Post-translational modification of proteins by the small ubiquitin-like modifier SUMO regulates many cellular processes, including nuclear transport, stress response, and signal transduction in eukaryotes. SUMO modification also appears to be essential for cell cycle progression in yeast and higher eukaryotes. Like ubiquitin modification, covalent attachment of SUMO to protein targets occurs on lysine residues. SUMO modification is reversible, altering target protein function through changes in cellular localization, biochemical activation, or through protecting the substrate from other post-translational protein modifications.

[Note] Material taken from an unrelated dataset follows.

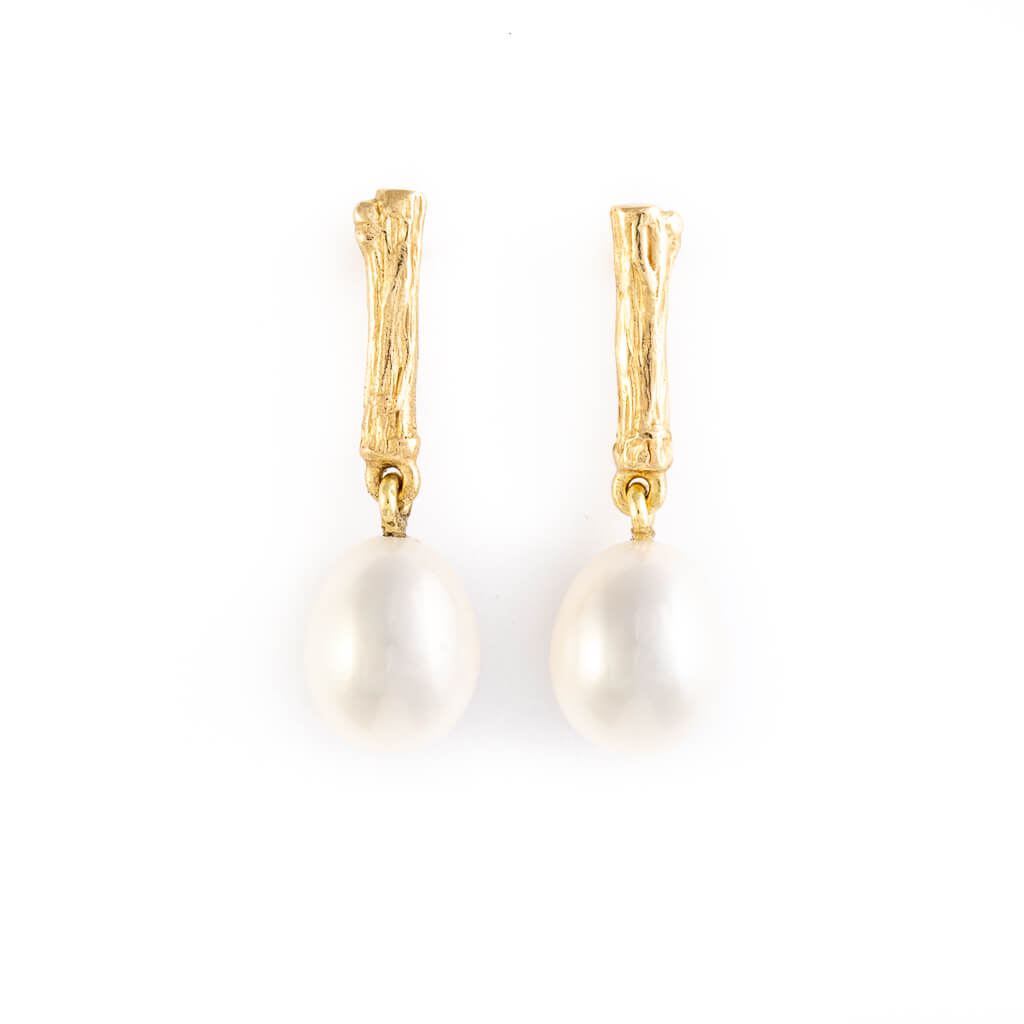 Gold Twig Earrings with Pearls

Cellular RNA levels are regulated by maintaining balance between transcription and degradation pathways. While several key enzymes and regulators have been identified in RNA degradation pathways, their precise activities in the pathway remain less clear. One of these is the RNA exosome, a multi-subunit protein complex that is involved in several 3’ to 5’ RNA decay pathways. The exosome is conserved throughout eukaryotic evolution and is thought to exist in at least two forms, a cytoplasmic exosome composed of nine or ten individually encoded subunits, and a nuclear exosome composed of the cytoplasmic exosome plus an additional nuclear subunit. The exosome is essential in budding yeast insomuch as ten of the eleven subunits are essential for growth, suggesting that most subunits perform critical functions in vivo for exosome assembly or for RNA decay activities.

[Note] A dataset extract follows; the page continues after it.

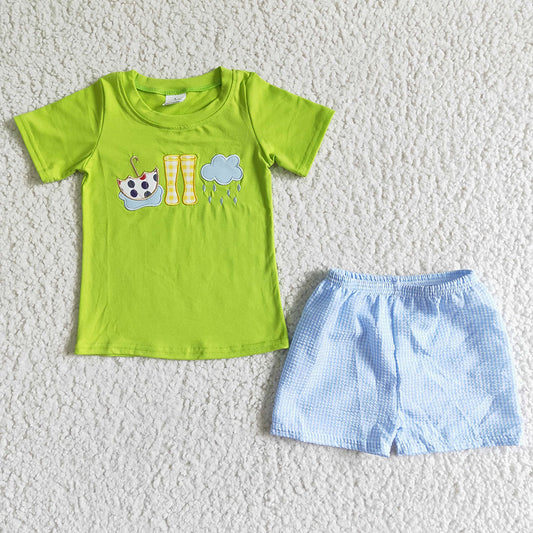 Baby boys blue umbrella rain boots summer shorts sets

Eukaryotic messenger RNA requires the addition of a nucleotide cap for proper function in the cell. We are interested in understanding the molecular basis for cap maturation and how those enzymes are regulated in the cell, especially through their recruitment to the transcription apparatus. In addition to studies addressing cap formation, we have also focused our attention to those enzymes involved in cap degradation. Our interest in RNA processing also extends to RNA repair. In collaboration with the Shuman laboratory, we have addressed the structural basis for RNA repair through the structure determination of RNA ligase intermediates.
In collaboration with the Nathan Lab at the Weill Medical College of Cornell University, the laboratory is working on several enzymes that are responsible for antioxidant defense in Mycobacterium tuberculosis.